Whether that may occasionally be true is of course possible, but that success can be sustained over an extended period only if a firm strives to attain sound performance across all of the key metrics seems far more certain.

Determination of the numbers

Not only are the softer metrics difficult to assess - and perhaps even impossible to compare across firms - there are significant limitations to the value of using even PEP as a comparative tool. Law firms are not listed entities and thus their business reporting practices are determined in part by normal accounting principles (which themselves vary across jurisdictions) but also by their internal practices and objectives.

There is no requirement that these be the same across firms and differences in accounting practices can alter reported outcomes. For example, firms that report on an accrual basis have more flexibility in timing the  realisation of both revenues and costs than those reporting on a cash basis. Firms with multiple tiers of partners can localise profits into a relatively small group of equity holders. Results may vary depending on how a firm finances pension and deferred compensation - and who is to say that firms report on a consistent basis each year?

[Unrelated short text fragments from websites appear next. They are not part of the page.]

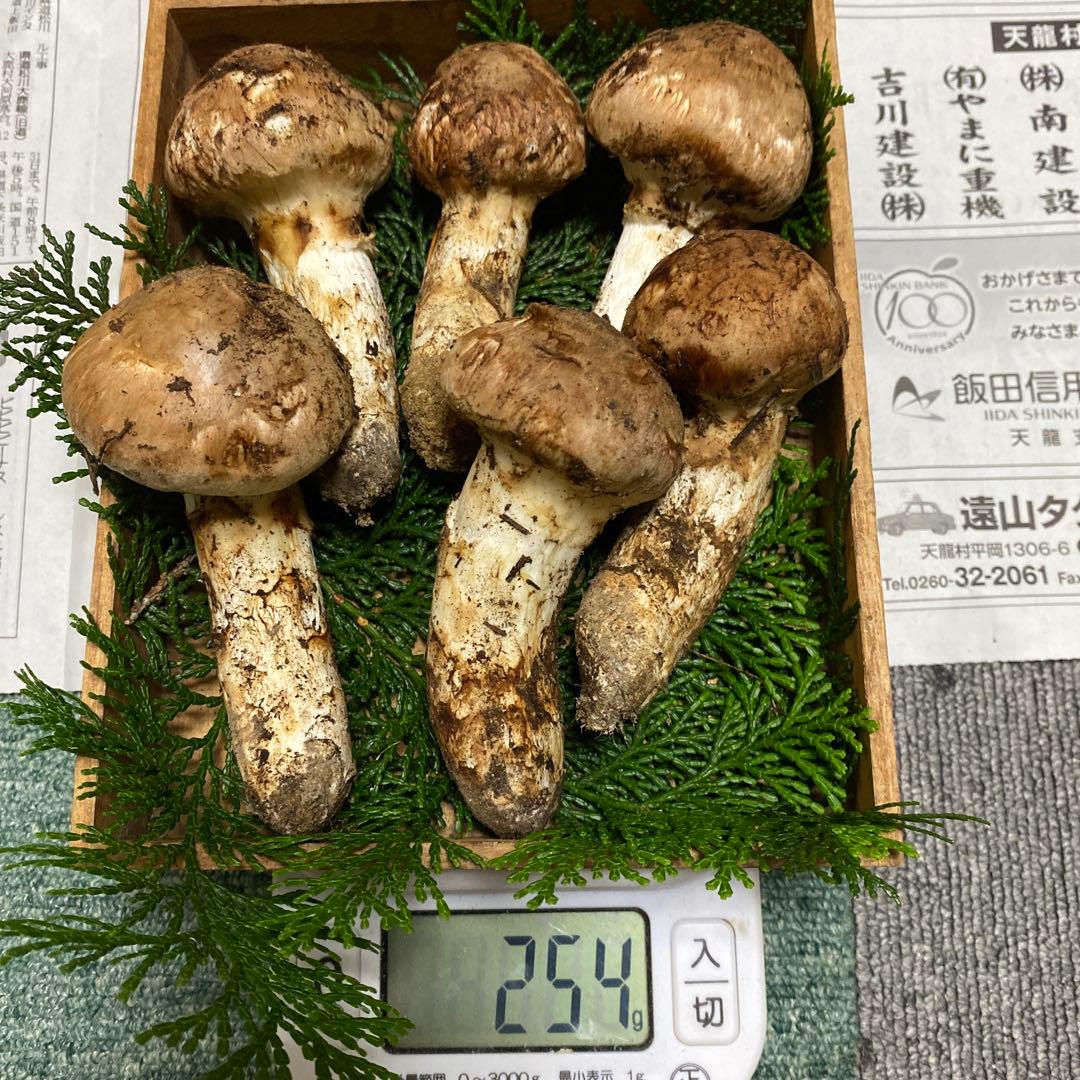 ②南信州豊丘産 松茸254ｇ上つぼみ
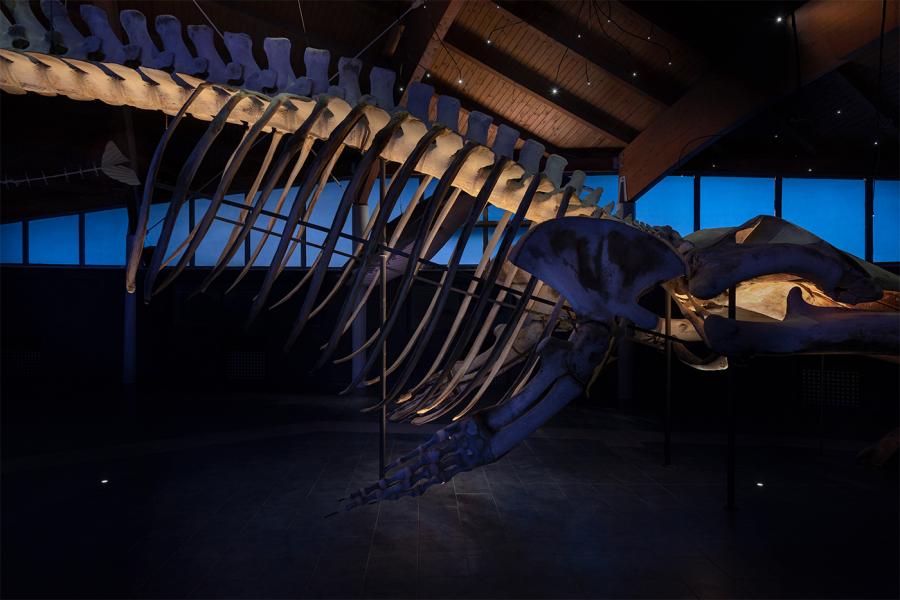 Lighting The sea room of the Museo di Storia Naturale del Mediterraneo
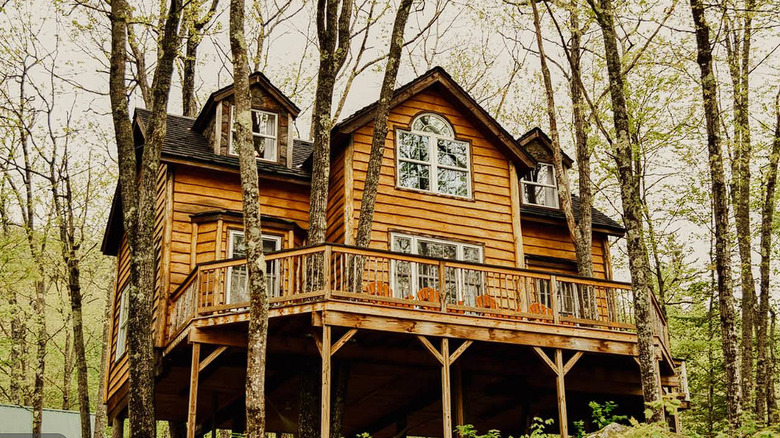 One of the mountain forest cabins at In The Trees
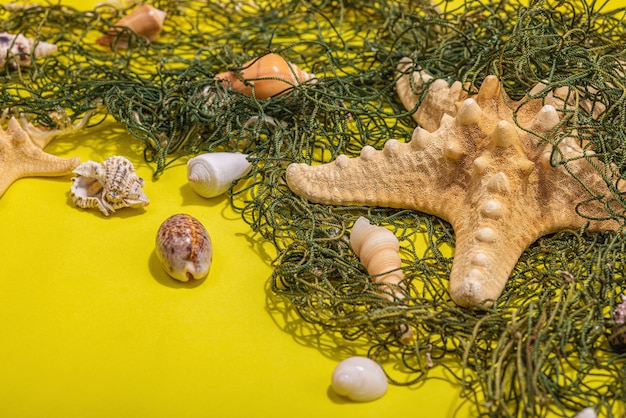 Yellow nautical background with sea shells starfishes and fishing net assorted marine animals vacation concept trendy hard light dark shadow flat lay close up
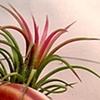 Beach Air Plant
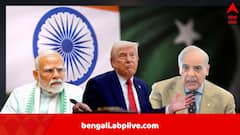 Donald Trump: ‘ট্রাম্পের জন্যই যুদ্ধবিরতি সম্ভব হয়েছে’, এবার আদালতে হলফনামা, ভারত ও পাকিস্তানকে নিয়ে ফের বড় দাবি আমেরিকার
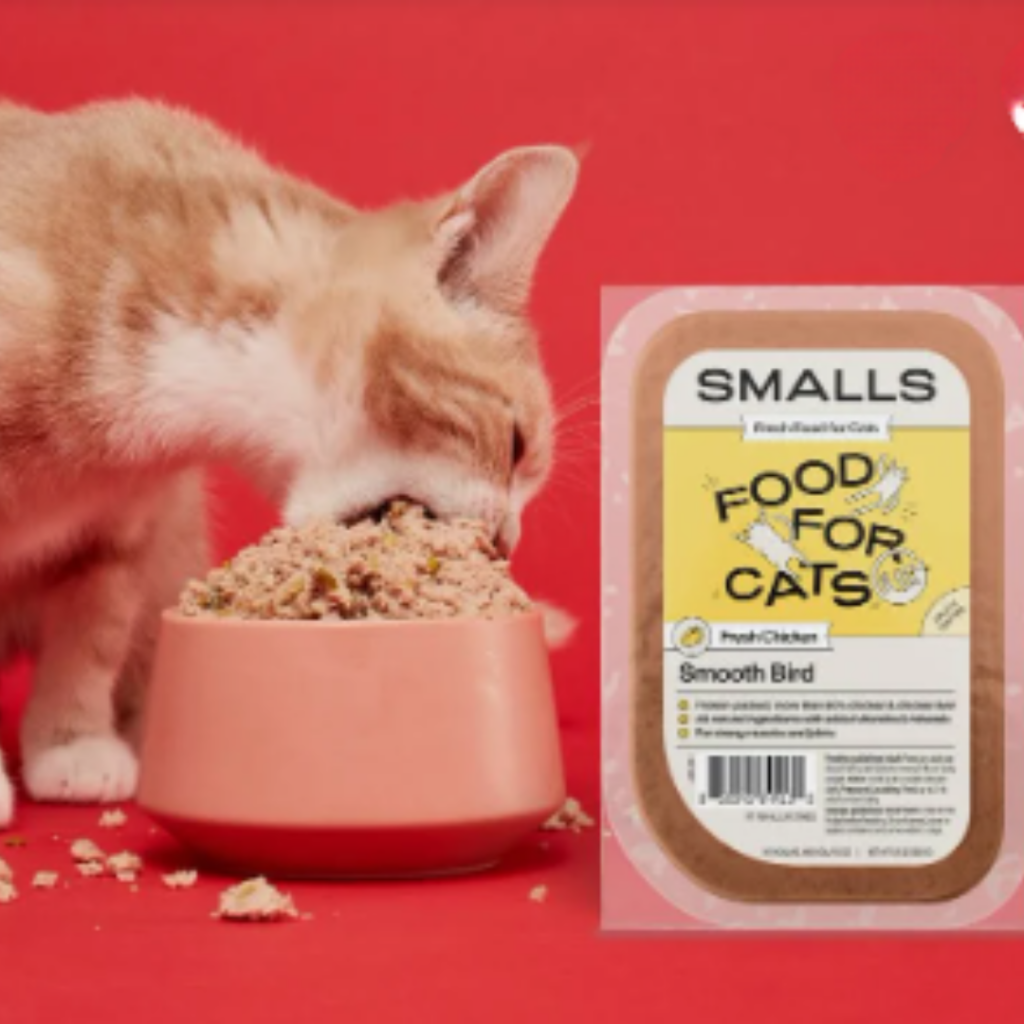 Cat eating smalls food for cats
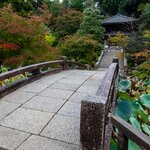 Photo taken by Jessica R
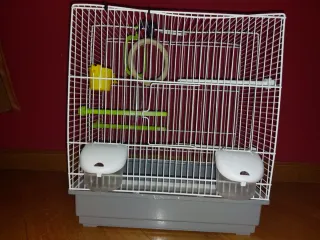 Jaula para pájaros con accesorios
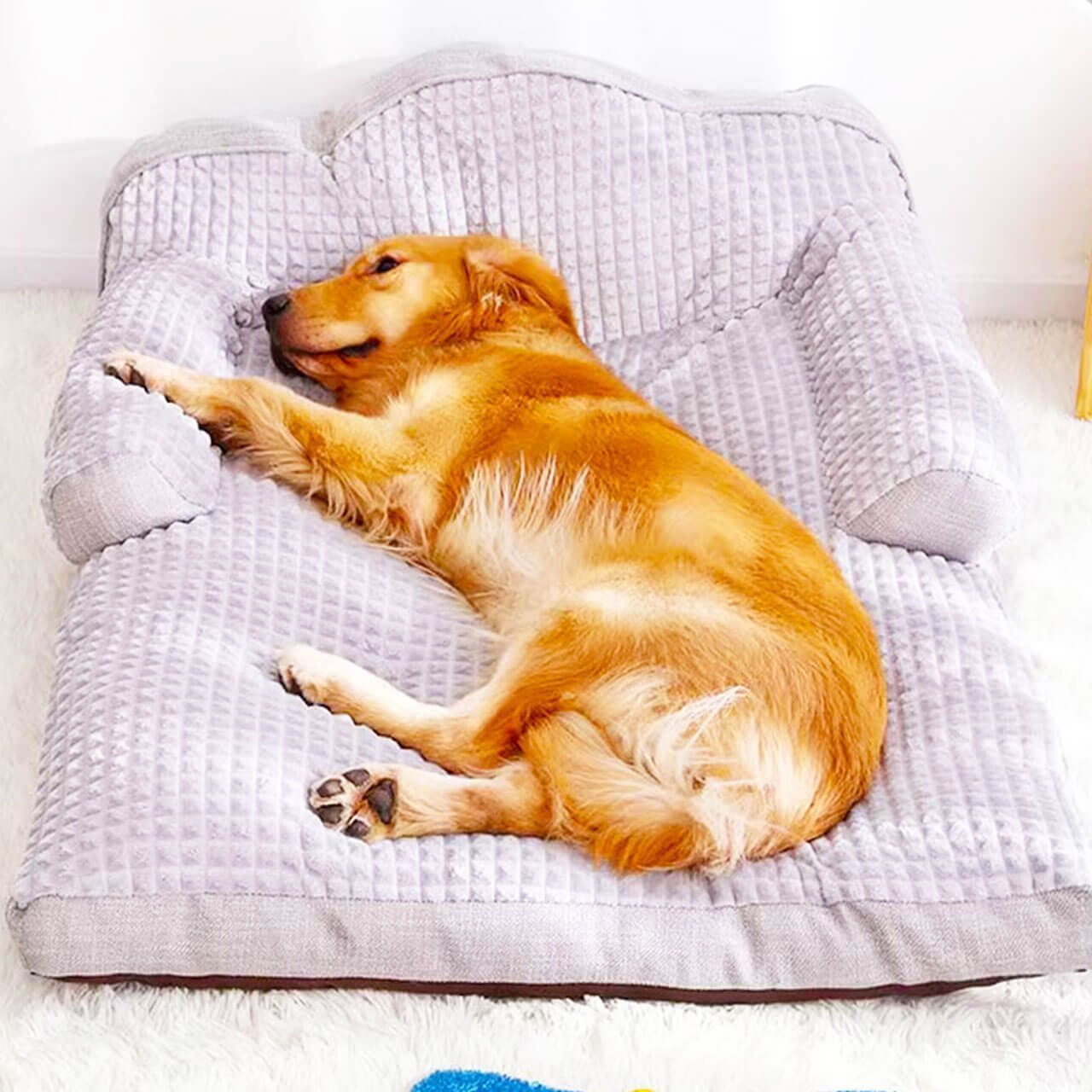 ベッド 大型犬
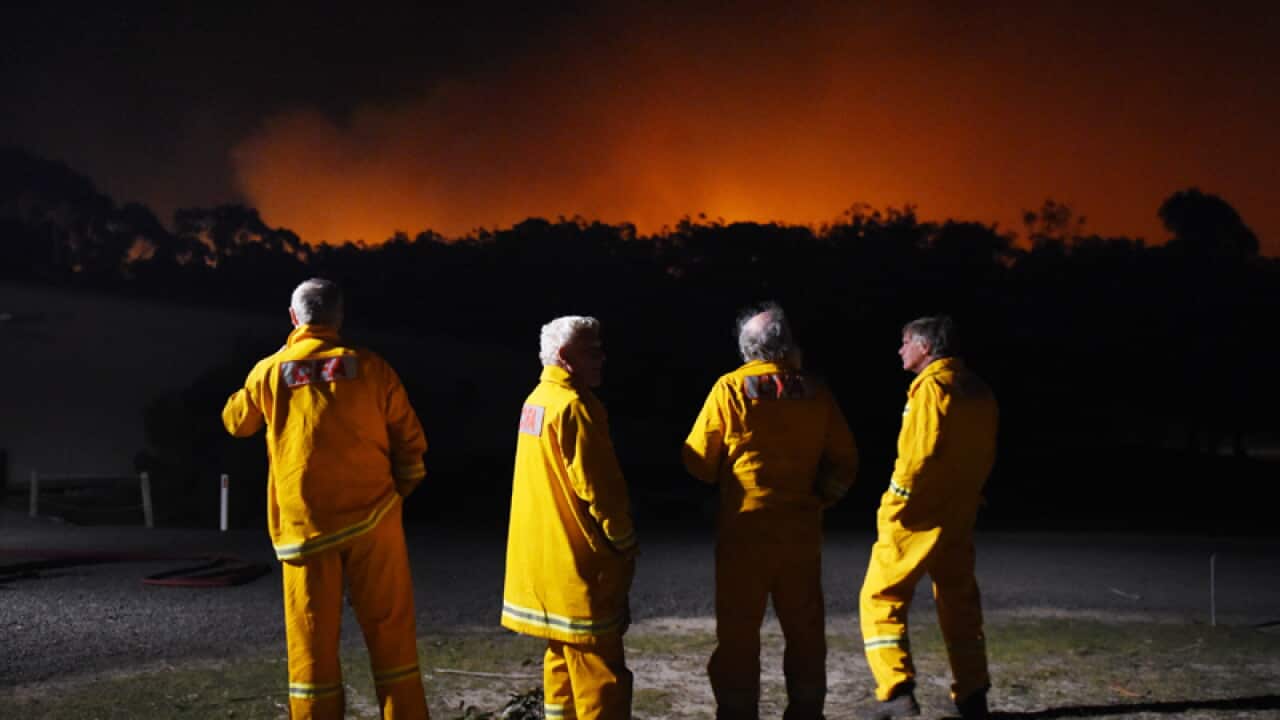 Victorian firefighters look on during a bushfire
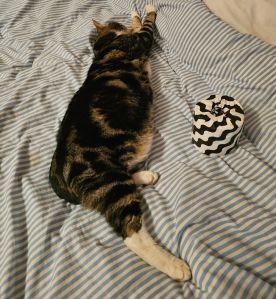 Picture shows a large tabby cat stretched out on a light blue and white striped duvet with a loo roll (wrapped in jazzy black and white paper) for scale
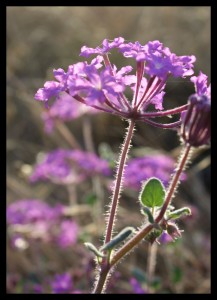 Moss Verbena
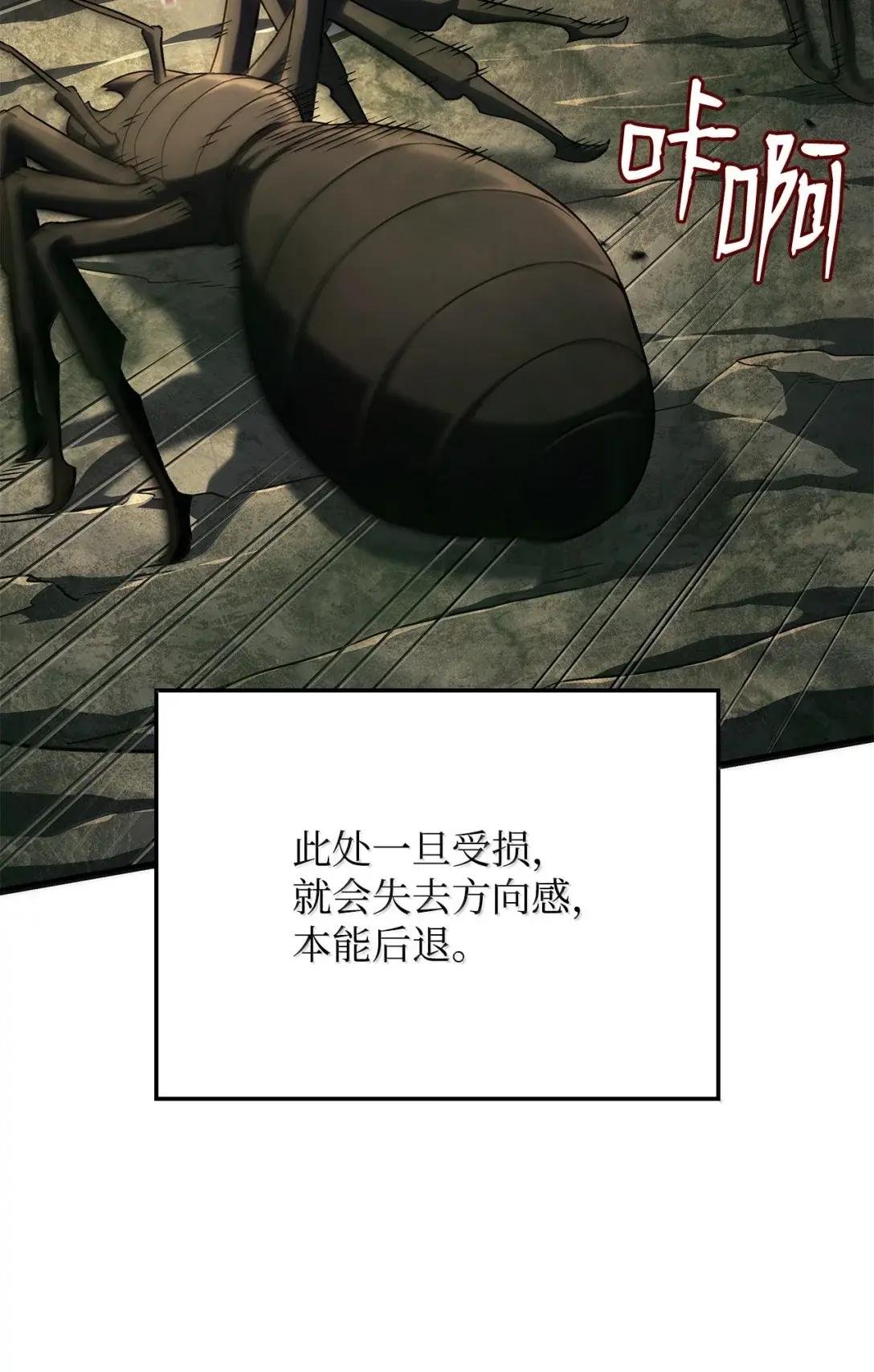 95 学院英雄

In a global market, the influence of currency fluctuations can affect comparative performance significantly. In recent times, firms whose revenues are largely earned in sterling or euros have had a step up on dollar-based firms. Exchange rates do, of course, fluctuate, and currency cyclicality had exactly the opposite result only a few years back and is likely to do so again in the future.

PEP is a particularly blunt instrument for measuring the performance of international offices or specific practice areas. The mission of an international office includes executing local aspects of global assignments and generating work for the global network. Which objective is achieved in a given year may be important to a firm over all, but could have very different reporting consequences.

If office results are maximised solely by generating work and executing it locally, huge firmwide opportunities are lost. In recognition of this, we decline to report externally on the results of any sub-set of our firm, even though I regularly regale (some may say bore) my overseas partners with tales of the success of our European lawyers.

Most successful law firms use a wide range of metrics to measure their performance. By focusing on each of these, law firms can hope to achieve an attractive PEP while maximising the degree to which lawyers enjoy and take pride in practising at their firm.

However, these broader metrics are not easy to measure, and my favorite – the ability to work with talented colleagues on “market-making” matters – simply does not resonate in the headlines.